====== Records supplied

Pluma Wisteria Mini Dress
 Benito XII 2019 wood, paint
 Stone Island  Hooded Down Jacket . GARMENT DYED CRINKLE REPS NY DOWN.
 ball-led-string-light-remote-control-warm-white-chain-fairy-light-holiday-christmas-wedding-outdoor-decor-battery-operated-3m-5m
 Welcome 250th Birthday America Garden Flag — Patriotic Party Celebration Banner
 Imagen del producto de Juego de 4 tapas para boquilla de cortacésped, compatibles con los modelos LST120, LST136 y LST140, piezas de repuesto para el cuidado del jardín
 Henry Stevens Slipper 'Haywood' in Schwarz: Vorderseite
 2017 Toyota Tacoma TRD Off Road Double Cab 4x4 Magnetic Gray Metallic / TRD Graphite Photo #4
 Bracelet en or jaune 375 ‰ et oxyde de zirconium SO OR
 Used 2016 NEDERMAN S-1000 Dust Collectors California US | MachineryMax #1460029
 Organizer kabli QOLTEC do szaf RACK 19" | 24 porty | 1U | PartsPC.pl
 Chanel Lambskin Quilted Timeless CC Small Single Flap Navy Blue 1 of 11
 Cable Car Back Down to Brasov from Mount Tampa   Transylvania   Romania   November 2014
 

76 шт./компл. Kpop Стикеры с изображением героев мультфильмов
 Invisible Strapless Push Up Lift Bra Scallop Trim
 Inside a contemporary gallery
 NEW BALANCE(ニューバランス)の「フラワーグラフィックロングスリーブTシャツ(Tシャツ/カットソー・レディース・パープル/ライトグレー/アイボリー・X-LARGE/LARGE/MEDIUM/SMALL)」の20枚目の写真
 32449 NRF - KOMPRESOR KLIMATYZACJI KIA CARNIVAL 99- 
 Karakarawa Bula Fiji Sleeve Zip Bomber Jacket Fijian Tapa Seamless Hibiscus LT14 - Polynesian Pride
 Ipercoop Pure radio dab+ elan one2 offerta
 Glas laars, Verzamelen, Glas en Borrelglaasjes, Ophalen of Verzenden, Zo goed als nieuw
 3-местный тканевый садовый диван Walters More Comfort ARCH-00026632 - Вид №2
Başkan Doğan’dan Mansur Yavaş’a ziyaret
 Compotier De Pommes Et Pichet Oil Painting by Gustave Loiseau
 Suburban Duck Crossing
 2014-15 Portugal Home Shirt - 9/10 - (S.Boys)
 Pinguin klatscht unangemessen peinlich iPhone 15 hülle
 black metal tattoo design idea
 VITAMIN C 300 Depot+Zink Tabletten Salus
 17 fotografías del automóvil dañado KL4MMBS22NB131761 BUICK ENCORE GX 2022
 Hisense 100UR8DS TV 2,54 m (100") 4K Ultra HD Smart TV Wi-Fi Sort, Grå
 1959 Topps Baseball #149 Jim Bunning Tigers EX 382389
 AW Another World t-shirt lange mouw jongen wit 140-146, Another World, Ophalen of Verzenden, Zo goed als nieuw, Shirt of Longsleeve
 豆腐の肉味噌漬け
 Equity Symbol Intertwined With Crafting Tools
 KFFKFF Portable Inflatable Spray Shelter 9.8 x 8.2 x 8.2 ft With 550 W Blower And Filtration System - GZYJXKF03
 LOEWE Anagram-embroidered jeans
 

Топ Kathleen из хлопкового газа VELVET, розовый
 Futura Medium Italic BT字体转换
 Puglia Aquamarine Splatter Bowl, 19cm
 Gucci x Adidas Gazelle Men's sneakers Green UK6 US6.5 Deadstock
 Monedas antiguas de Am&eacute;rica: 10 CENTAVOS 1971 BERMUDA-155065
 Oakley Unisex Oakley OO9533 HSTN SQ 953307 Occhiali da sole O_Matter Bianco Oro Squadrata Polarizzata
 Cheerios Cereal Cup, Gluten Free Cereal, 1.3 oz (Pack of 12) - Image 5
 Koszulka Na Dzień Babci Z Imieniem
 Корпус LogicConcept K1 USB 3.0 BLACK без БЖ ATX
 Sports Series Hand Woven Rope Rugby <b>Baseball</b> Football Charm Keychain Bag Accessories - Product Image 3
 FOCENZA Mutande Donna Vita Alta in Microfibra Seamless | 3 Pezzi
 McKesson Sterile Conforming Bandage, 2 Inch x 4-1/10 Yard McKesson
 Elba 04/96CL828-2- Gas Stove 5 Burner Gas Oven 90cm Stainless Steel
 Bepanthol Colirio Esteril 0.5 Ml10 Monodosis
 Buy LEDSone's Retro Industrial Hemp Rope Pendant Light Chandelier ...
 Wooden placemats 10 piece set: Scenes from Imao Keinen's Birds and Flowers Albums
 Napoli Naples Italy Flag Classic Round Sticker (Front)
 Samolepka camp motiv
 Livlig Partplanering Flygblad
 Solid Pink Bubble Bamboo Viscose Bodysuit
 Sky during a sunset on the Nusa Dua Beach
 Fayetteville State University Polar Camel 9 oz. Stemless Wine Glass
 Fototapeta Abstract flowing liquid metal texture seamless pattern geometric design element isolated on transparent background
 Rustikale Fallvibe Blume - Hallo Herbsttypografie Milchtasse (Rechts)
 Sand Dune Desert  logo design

============

→ **What you will do**: Filter the records for lines containing the word "nieuw" and copy each one.

→ **Response to the exercise**:
 Glas laars, Verzamelen, Glas en Borrelglaasjes, Ophalen of Verzenden, Zo goed als nieuw
 AW Another World t-shirt lange mouw jongen wit 140-146, Another World, Ophalen of Verzenden, Zo goed als nieuw, Shirt of Longsleeve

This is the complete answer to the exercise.